In 2013, India was ranked 31 on the Open Doors World Watch List, the annual ranking of the top 50 countries where it is most difficult to be a Christian. In 2019 it entered the top ten for the first time.

“It is shocking that India, the world largest democracy and the country which taught us the way of ‘non-violence’, now sits alongside Iran and Syria in the top ten on the Open Doors World Watch List,” said Dr Matthew Rees.

“This report shows that violent incidents against Christians are increasing. The toxic narrative that ‘if you’re not Hindu, you’re not Indian’ has taken hold and legitimises these attacks. Worryingly, some of the states where the Christian population is smallest are where the most attacks are taking place. Anti-conversion laws are confusing and are leading some in India to question whether any Christian activity in the country is legal.

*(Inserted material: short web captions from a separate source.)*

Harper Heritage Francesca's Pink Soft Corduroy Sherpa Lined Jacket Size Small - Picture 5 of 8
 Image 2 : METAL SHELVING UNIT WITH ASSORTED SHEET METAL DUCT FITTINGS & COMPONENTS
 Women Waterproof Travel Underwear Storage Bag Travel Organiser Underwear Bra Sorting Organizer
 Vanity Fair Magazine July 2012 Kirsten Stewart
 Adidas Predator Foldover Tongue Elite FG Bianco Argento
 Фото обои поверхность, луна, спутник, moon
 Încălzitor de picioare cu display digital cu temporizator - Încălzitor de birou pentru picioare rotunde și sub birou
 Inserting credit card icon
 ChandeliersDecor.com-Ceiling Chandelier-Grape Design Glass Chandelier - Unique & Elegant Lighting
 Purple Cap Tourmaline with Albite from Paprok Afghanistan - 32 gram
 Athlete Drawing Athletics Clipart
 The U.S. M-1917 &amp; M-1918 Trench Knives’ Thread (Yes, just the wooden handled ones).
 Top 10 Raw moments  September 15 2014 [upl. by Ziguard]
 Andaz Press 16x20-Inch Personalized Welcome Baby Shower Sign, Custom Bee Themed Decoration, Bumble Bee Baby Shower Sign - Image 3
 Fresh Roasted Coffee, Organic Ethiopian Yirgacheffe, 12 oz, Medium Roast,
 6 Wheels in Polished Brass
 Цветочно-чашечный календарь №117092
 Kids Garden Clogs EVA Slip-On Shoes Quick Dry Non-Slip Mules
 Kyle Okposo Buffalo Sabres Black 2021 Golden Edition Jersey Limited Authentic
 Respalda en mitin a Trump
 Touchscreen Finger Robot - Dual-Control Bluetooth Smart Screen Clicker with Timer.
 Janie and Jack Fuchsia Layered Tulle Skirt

“It is Open Doors’ hope that this report will highlight the grave situation which has manifested itself for India’s Christian community in recent years and that this will encourage the UK government to pursue international monitoring of violence against religious minorities in India, changes to anti-conversion laws and increased support for Dalit Christians who are especially vulnerable in the country. There is a need for decision makers to act immediately to avoid catastrophe for India’s beleaguered religious minority communities.”


“They want to redefine the identity of every person. The identity of India is at stake. It will all be brought under one umbrella, Hindustan.” Maruc said. “There will be a point of no return for India.

“We want to live a peaceful life, we want to live a godly life in the same country in which we were born.”

Some 64 million Christians live in India – less than five per cent of the total population. The Indian government is led by the Hindu nationalist BJP, who believe that being a Hindu is part of Indian identity. They frequently turn a blind eye to attacks on those of other faiths.

Christians in India face horrific levels of violence from extremists, with thousands of attacks taking place every year. Several states in India have brought in anti-conversion laws, and the BJP have made it clear that they would like to implement these laws in other states. Such laws are often used as an excuse to disrupt church services and harass Christians, and make it difficult for Christians to share their faith with others.